"Devenir actionnaire de son entreprise motive les salariés"

De plus en plus d’entreprises helvétiques ouvrent leur capital à leurs employés. La démarche comporte de nombreux avantages. Mais peut aussi être risquée. Explications. 

En Suisse, plus de 140 entreprises cotées comptent des employés parmi leurs actionnaires. Et le phénomène ne concerne pas que les grandes sociétés. Des PME font aussi le pari de l’actionnariat salarié. La tendance est surtout marquée parmi les start-up. Christophe de Kalbermatten, associé de l’étude d’avocats Python à Sion et Genève, spécialisé en droit commercial et des sociétés, décrypte le phénomène et livre ses conseils. 

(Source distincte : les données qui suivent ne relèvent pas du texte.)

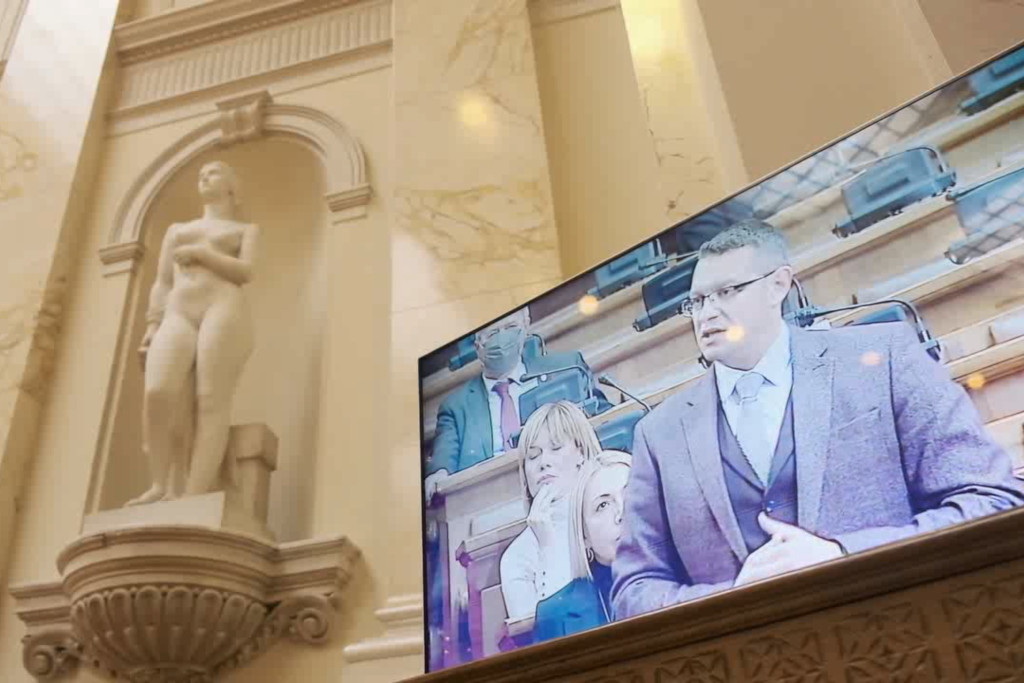 La Serbie organise un référendum sur la Constitution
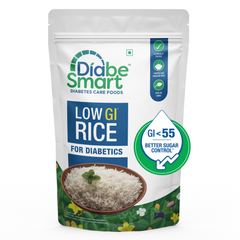 Low GI Rice - Best Rice For Diabetics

Quelles sont les différentes formes d’actionnariat salarié?

Christophe de Kalbermatten: Il en existe principalement deux. La première consiste à ouvrir le capital de la société de manière immédiate, avec octroi d’actions ou de parts sociales. La seconde se réalise en deux temps: elle donne aux salariés le droit d’acheter des actions ou des parts sociales pour un prix déterminé à une certaine échéance (stock-option). 

Constatez-vous une augmentation de l’actionnariat salarié?

Kalbermatten: Oui, il s’agit d’une tendance qui progresse. Les jeunes sociétés adoptent plus volontiers cette approche que les sociétés traditionnelles. Ouvrir son capital à ses employés implique de les laisser accéder à l’information et de leur donner voix au chapitre. La démarche correspond donc davantage à un mode de fonctionnement moderne et transparent, avec un management plutôt horizontal. Dans les PME familiales bien établies, ce type d’arrangements se voit surtout dans le cadre d’une transition entre générations ou d’une reprise par un groupe d’employés. 

Quels sont les avantages de la démarche?

Kalbermatten: La possibilité de devenir actionnaire motive les salariés. Leur contribution a un impact sur la bonne marche de l’entreprise et donc un effet positif sur les actions dont ils deviennent aussi bénéficiaires. Pour une petite entreprise, cela permet de palier un manque de compétitivité salariale par rapport aux grosses sociétés. Une start-up peinera en effet à proposer un salaire aussi élevé à un jeune ingénieur qu’une grande entreprise. Cette approche permet aussi de limiter la charge salariale, de conserver des liquidités pour d’autres investissements et de fidéliser les employés. 

Quels en sont les risques et les inconvénients?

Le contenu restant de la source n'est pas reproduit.